1884 painting by Vincent van Gogh

The Parsonage Garden at Nuenen (De pastorie in Nuenen), alternatively named The Parsonage Garden at Nuenen in Spring (De pastorie in Nuenen in het voorjaar) or Spring Garden (Lentetuin: F185, JH484), is an early oil painting by 19th-century Dutch post-Impressionist painter Vincent van Gogh, created in May 1884 while he was living with his parents in Nuenen. Van Gogh made several drawings and oil paintings of the surrounding gardens and the garden façade of the parsonage.

The painting was in the collection of the Groninger Museum in The Netherlands from 1962 to 2020. On 30 March 2020, it was stolen from an exhibition at the Singer Laren museum in Laren which had been closed due to the COVID-19 pandemic in the Netherlands. The painting was reported as recovered in September 2023.

==Background==
Van Gogh lived in The Hague with Sien Hoornik and then alone for a few months in Drenthe in the northern Netherlands. He then went to live with his parents in the parsonage of the Dutch Reformed Church at Nuenen near Eindhoven in December 1883 where his father was pastor. The family turned the laundry room into a studio in the back of the house.

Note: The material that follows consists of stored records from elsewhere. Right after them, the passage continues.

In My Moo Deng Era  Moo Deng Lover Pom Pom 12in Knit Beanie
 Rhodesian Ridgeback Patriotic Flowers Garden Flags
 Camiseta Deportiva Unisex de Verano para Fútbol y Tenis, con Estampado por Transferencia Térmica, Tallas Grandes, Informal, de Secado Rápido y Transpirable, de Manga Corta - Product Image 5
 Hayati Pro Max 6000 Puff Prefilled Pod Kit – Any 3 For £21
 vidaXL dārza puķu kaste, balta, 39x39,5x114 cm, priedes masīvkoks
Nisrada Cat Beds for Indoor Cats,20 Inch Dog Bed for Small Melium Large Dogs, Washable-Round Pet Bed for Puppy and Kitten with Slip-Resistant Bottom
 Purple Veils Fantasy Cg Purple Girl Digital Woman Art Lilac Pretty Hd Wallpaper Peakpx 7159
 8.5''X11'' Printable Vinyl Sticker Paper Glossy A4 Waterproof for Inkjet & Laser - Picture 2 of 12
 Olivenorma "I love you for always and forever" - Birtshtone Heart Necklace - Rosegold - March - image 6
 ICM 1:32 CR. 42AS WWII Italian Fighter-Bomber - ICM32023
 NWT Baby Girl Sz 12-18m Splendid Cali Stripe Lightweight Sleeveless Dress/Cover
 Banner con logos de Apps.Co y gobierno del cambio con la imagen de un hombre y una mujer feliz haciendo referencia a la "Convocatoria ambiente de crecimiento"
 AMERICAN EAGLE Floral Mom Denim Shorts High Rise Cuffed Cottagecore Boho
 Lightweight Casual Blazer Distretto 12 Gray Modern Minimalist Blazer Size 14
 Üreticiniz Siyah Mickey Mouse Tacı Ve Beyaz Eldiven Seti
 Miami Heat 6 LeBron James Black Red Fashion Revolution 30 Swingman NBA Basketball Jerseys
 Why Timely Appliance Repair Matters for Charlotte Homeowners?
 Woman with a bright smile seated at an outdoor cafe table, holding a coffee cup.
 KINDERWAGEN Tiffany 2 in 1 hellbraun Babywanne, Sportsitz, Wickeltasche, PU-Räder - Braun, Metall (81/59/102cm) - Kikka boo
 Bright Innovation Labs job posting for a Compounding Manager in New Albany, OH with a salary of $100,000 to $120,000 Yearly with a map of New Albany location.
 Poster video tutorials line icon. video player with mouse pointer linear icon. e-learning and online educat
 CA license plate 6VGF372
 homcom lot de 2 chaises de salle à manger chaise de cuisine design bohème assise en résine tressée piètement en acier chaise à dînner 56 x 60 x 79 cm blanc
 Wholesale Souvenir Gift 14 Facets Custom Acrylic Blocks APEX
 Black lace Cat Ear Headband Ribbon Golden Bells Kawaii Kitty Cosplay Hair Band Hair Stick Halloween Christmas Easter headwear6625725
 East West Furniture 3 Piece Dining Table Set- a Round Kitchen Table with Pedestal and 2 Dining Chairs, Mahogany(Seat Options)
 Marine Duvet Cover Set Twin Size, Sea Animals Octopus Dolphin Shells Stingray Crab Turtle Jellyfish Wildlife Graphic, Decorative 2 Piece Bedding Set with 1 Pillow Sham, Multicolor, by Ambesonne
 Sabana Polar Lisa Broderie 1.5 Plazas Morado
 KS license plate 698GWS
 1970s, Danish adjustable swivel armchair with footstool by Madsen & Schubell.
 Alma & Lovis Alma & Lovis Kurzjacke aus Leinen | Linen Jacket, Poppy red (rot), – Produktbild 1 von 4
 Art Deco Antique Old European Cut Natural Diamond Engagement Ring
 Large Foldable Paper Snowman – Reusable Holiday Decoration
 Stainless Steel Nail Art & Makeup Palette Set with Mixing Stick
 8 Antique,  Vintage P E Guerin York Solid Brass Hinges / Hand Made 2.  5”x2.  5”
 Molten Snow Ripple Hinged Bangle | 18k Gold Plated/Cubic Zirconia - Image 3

Van Gogh remained with his parents in Nuenen for nearly two years, producing about 200 drawings and paintings, including his first major work, The Potato Eaters. He moved to Antwerp in November 1885 and then to Paris in 1886.

==Description==
In Nuenen, Van Gogh documented the changing seasons in his paintings of the parsonage's garden, which was enclosed by a high stone wall and included a duck pond with a boat dock, paths and hedges, flower and vegetable garden plots and an orchard.

Preceded by a series of wintery drawings, this work was probably painted in May 1884. It depicts a view of the garden with a dark-clothed female figure in the foreground. In the distance are the ruins of the old church, also depicted in works such as Old Church Tower at Nuenen, before it was demolished in 1885. It uses the dark palette of greens and browns, typical of Van Gogh's early work, with touches of green and red in the painting indicating that winter has passed and spring has begun. In a letter that Van Gogh sent to Anthon van Rappard in March 1884, he mentioned the change in the seasons: "Ben ook zoekende naar de kleur van den wintertuin. Doch die is reeds een lente tuin - nu. En is iets heel anders geworden." ("Am also searching for the colour of the winter garden. But it is already a spring garden - now. And has become something completely different.")

The painting is unusually wide, measuring 25 × 57 cm without its decorative frame, exceeding double square. Van Gogh may have worked with the help of a perspective window (a wooden frame strung with wires). It had been in the collection of the Groninger Museum, in the Dutch city of Groningen, since 1962 but was stolen in 2020.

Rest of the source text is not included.